Member of the Washington Senate from the 11th district
- In office May 31, 1988 – January 9, 1989
- Preceded by: Avery Garrett
- Succeeded by: Leo K. Thorsness

Member of the Washington House of Representatives from the 11th district
- In office January 10, 1983 – May 31, 1988
- Preceded by: Michael E. Patrick
- Succeeded by: Margarita Prentice

Member of the Washington House of Representatives from the 35th district
- In office August 18, 1975 – January 10, 1983
- Preceded by: William "Bill" Chatalas
- Succeeded by: Max Vekich

Member of the Washington Senate from the 35th district
- In office August 1, 1973 – November 6, 1973
- Preceded by: Robert C. "Bob" Ridder
- Succeeded by: Ruthe Ridder

Personal details
- Born: August 16, 1926 Lincoln, Nebraska, U.S.
- Died: June 21, 2019 (aged 92) Seattle, Washington, U.S.
- Party: Democratic
- Occupation: Self-employed building contractor

= Eugene V. Lux =

American politician (1926–2019)

Eugene Victor "Gene" Lux (August 16, 1926 – June 21, 2019) was an American politician of the Democratic Party.
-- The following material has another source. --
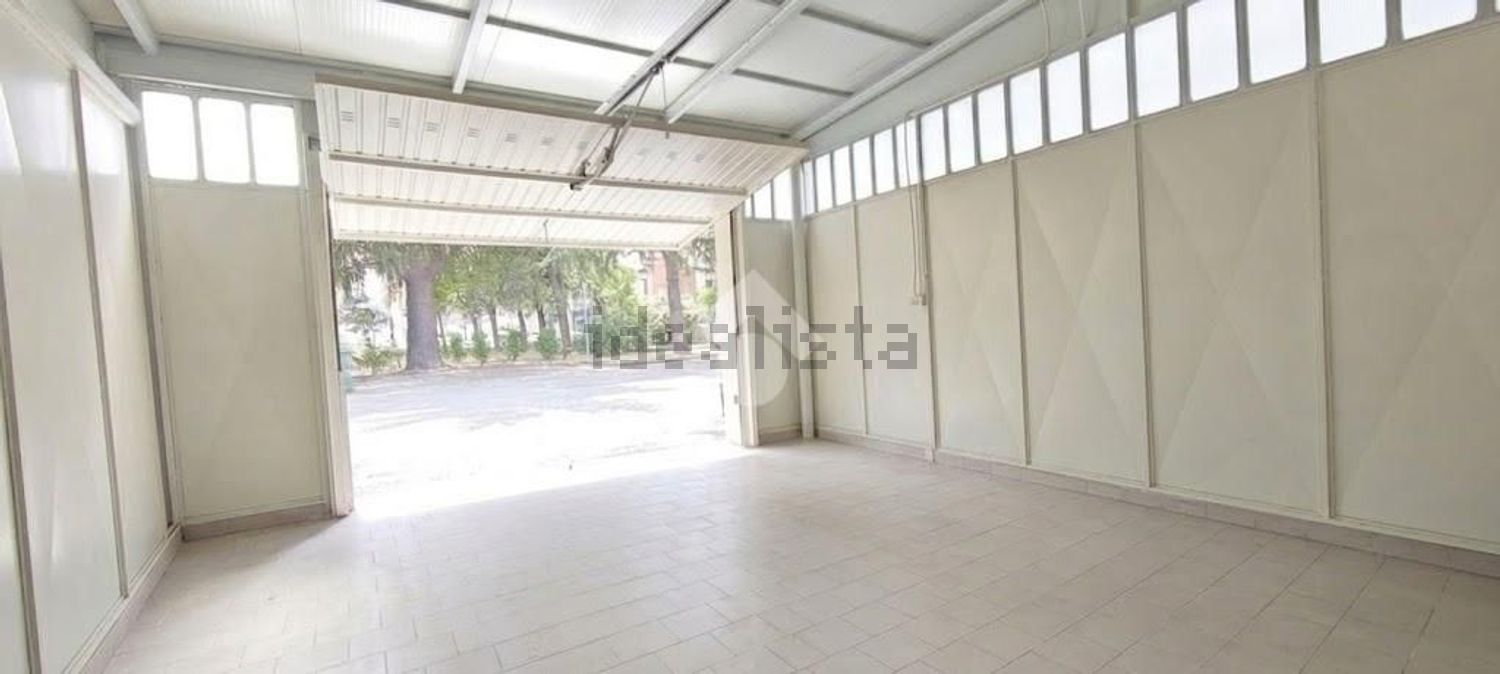 locale commerciale in affitto a Moncalieri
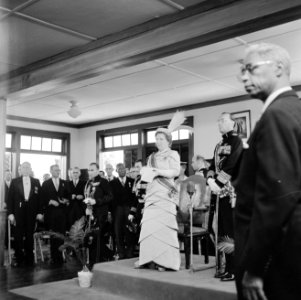 De koningin tijdens de vergadering van de Staten van Suriname, Bestanddeelnr 252-4258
He was a member of the Washington House of Representatives, representing the 35th Legislative District and then the 11th Legislative District for more than six and five years, respectively. Lux was also appointed to two brief stints in the Washington State Senate in the 35th and 11th legislative districts in 1973 and 1988, respectively.

In 2009, Lux unsuccessfully ran for the office of King County, Washington Assessor. As of 2017, the 91 year-old Lux was serving his seventh four-year term as Commissioner of King County Fire District 20. He died on June 21, 2019, aged 92.

He was born in Lincoln, Nebraska and worked as a self-employed building contractor.